Step 2: Configure variables
Scroll to the LLM classification panel. You’ll see:
- Sample size: how many concordances to classify (5-100)
- Estimated cost: calculated based on variables and sample size
- Preset variable buttons: Subject animacy, Transitivity, Topic, Illocution

Open the sample size dropdown to pick how many lines to classify:

Click + Subject animacy to add the preset. The variable card appears with:
- Title: Subject animacy
- Description: Classification criteria with examples
- Type: Fixed set of options (enum)
- Options: animate, inanimate

The description provides guidance to the LLM:
Classify the grammatical subject’s animacy. animate = humans, animals, or organizations acting as agents; inanimate = objects, abstract concepts, events, or natural phenomena.

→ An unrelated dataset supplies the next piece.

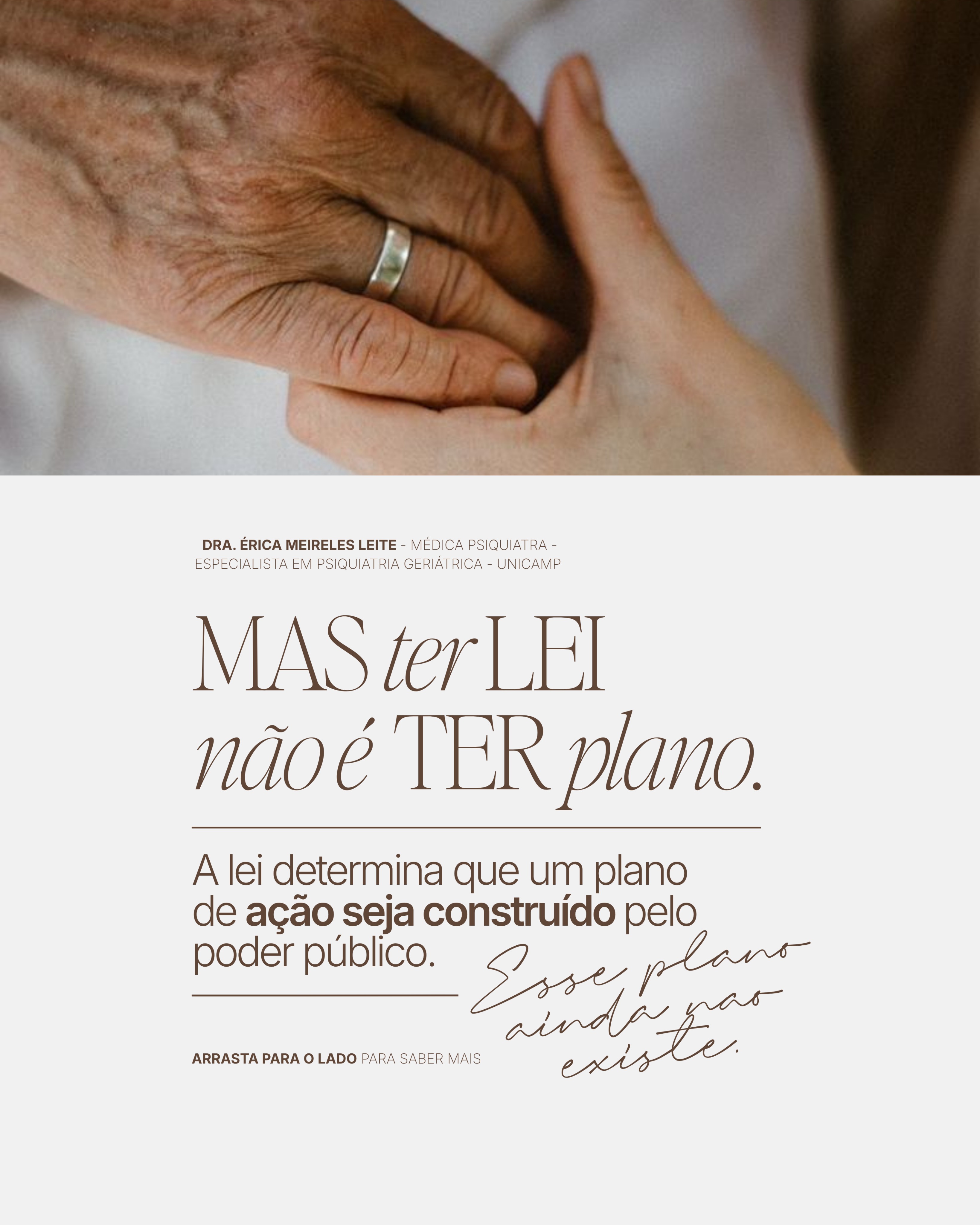 Plano Nacional de Demências — imagem 3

Examples help calibrate the model:
- “The child laughed loudly.” -> animate
- “The committee approved the proposal.” -> animate
- “The storm destroyed the docks.” -> inanimate
Step 3: Run classification
- Select sample size (e.g., 5 lines for a quick test).

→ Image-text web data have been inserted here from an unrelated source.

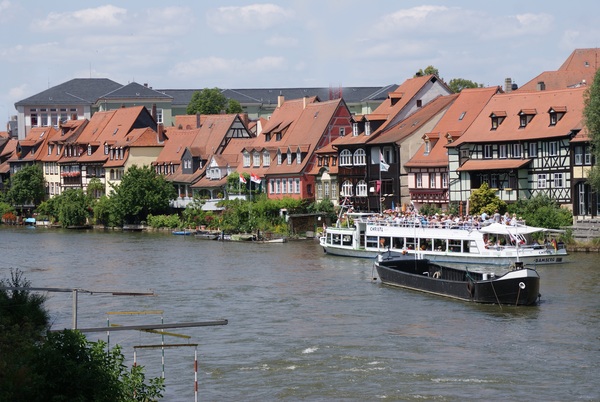 DEBAM - Bamberg, Germany - K. H. J. MCI .jpg
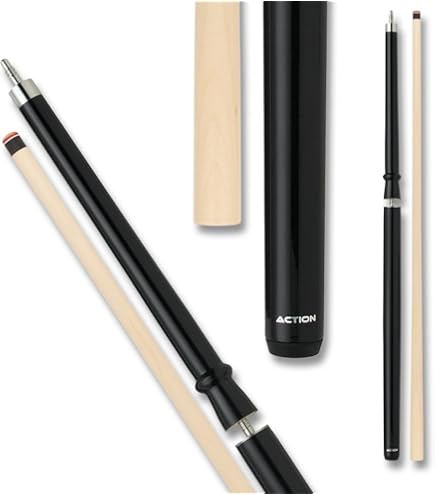 Amazon.com: Jump Cue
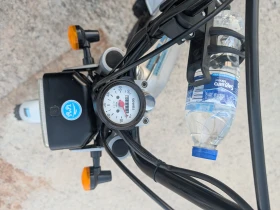 Tomos ST Standard | Auto.bg — изображение 8 Tomos ST Standard | Auto.bg — изображение 8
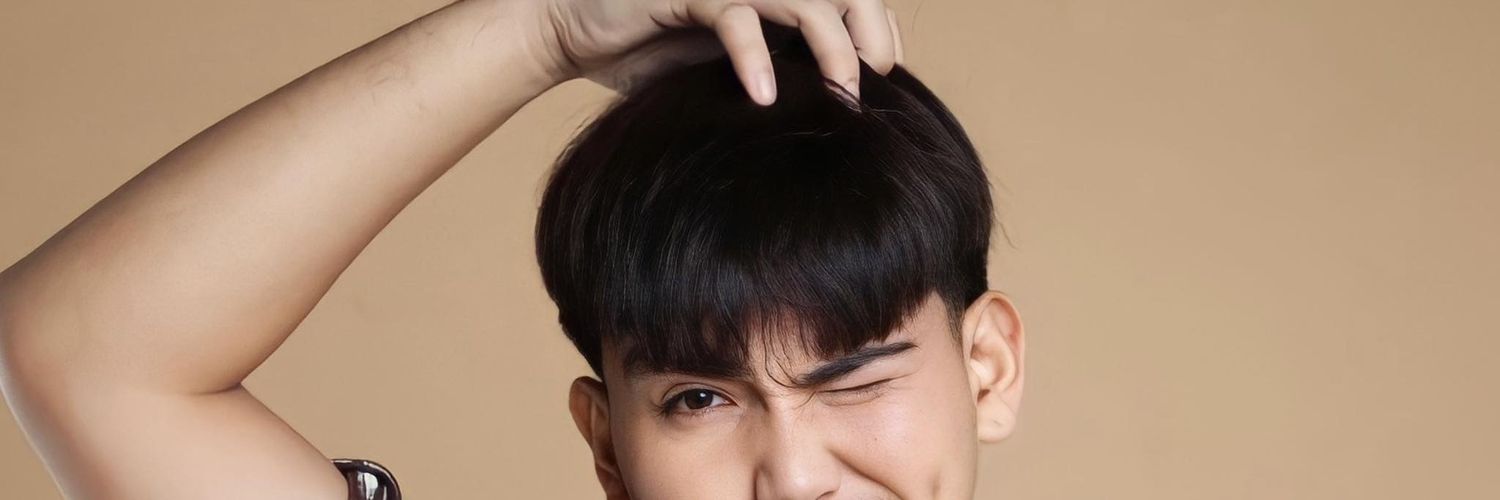 KurtVilla2's profile banner image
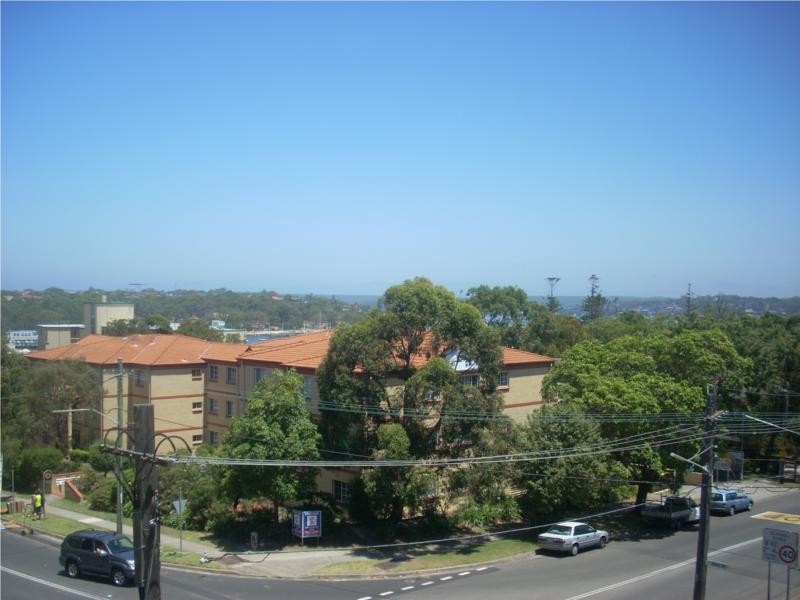 17a Searl Road, Cronulla NSW 2230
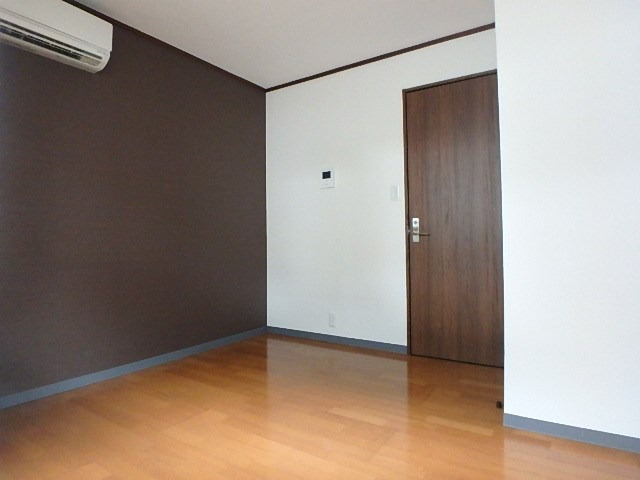 居室・リビング　同型イメージ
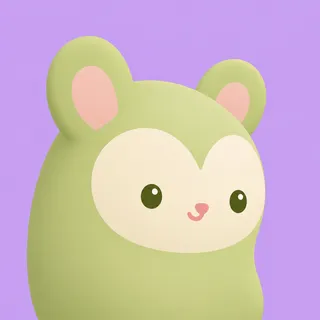 Cacomistle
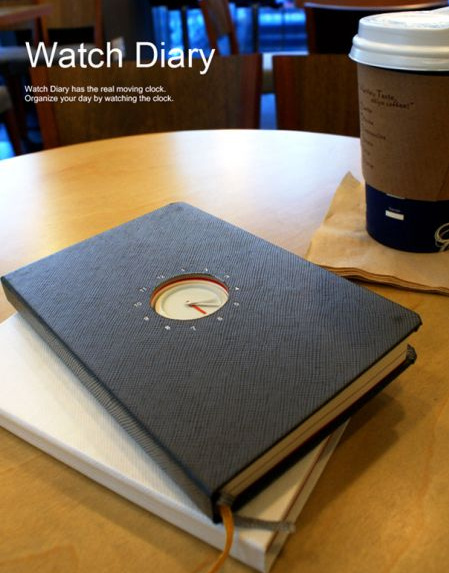 ���r(sh��)犵ĹPӛ�� һ�e�ɵ�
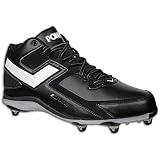 Pony Men's Moss Gameday Mid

- Review the estimated cost.
- Click Classify sample.
The model classifies each concordance line and returns results.
Step 4: Review results
Results appear in a table with your variable columns:


Each row shows:
- Left context: words before the keyword
- KWIC: the keyword in context (partnerships)

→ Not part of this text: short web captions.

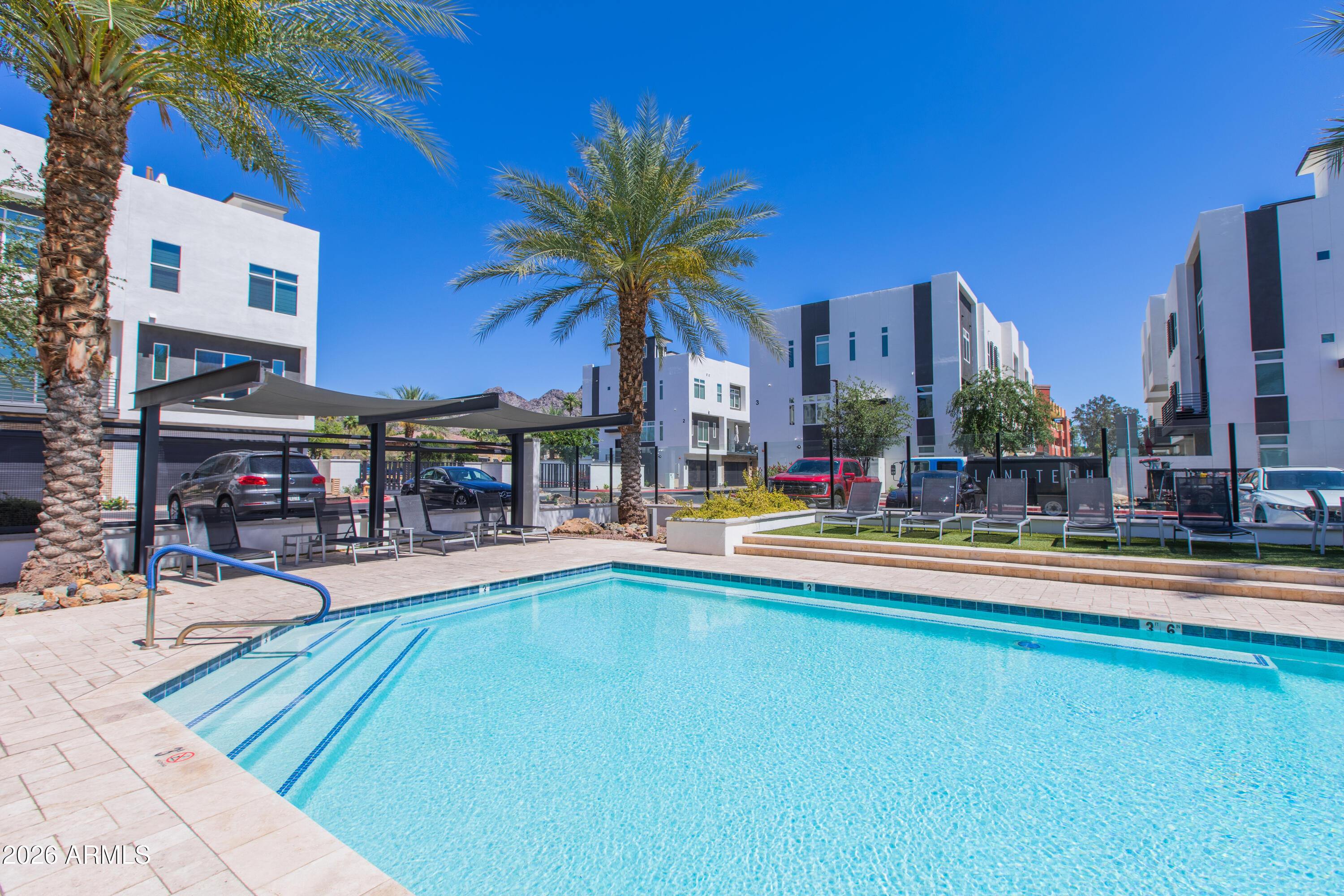 1717 E Morten Avenue 45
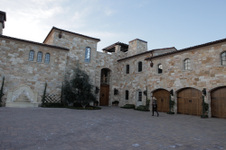 Enlarge photo 11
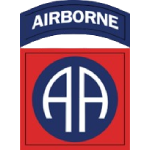 82nd Airborne Division Fort Bragg Military Lawyers from The Law Office of Will M. Helixon are trusted advocates for the 82nd Airborne Division.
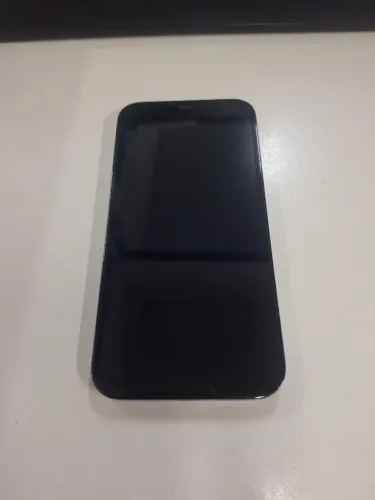 iPhone 12 Pro 128gb Azul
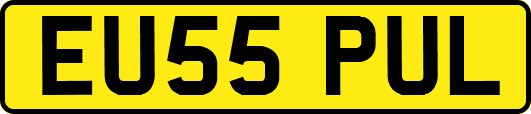 EU55PUL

- Right context: words after the keyword
- Subject animacy: the LLM’s classification
In this example, most “partnership” usages have animate subjects (organizations, institutions, “we”) because the corpus discusses what universities do with partnerships.
Step 5: Export results
Click Export CSV to download results for further analysis in Excel, R, or Python.
Variable design tips
Good variable definitions lead to better classifications. Follow these principles:
Be specific and concrete
Good: “Classify whether the subject is a human, animal, organization (animate) or an object, concept, event (inanimate).”
Vague: “Is the subject alive?”
Provide representative examples
Include 3-5 examples that show edge cases:
Examples:
- "The university invested heavily" → animate (organization as agent)
- "Our partnerships enable growth" → animate (implied "we")
- "The program achieved results" → inanimate (program as abstract)
Keep descriptions concise
The LLM has limited context. Descriptions under 100 words work best. Focus on:
- What to classify
- How to distinguish categories
- Key examples
Choose appropriate variable types
- Enum (fixed options): Use when categories are mutually exclusive and well-defined. Better for consistency across samples.
- Open (free text): Use for exploratory analysis or when categories are hard to predefine. Allows 1-6 word labels.
Test with small samples first
Run 5-10 classifications to verify the model understands your variable definition before scaling up.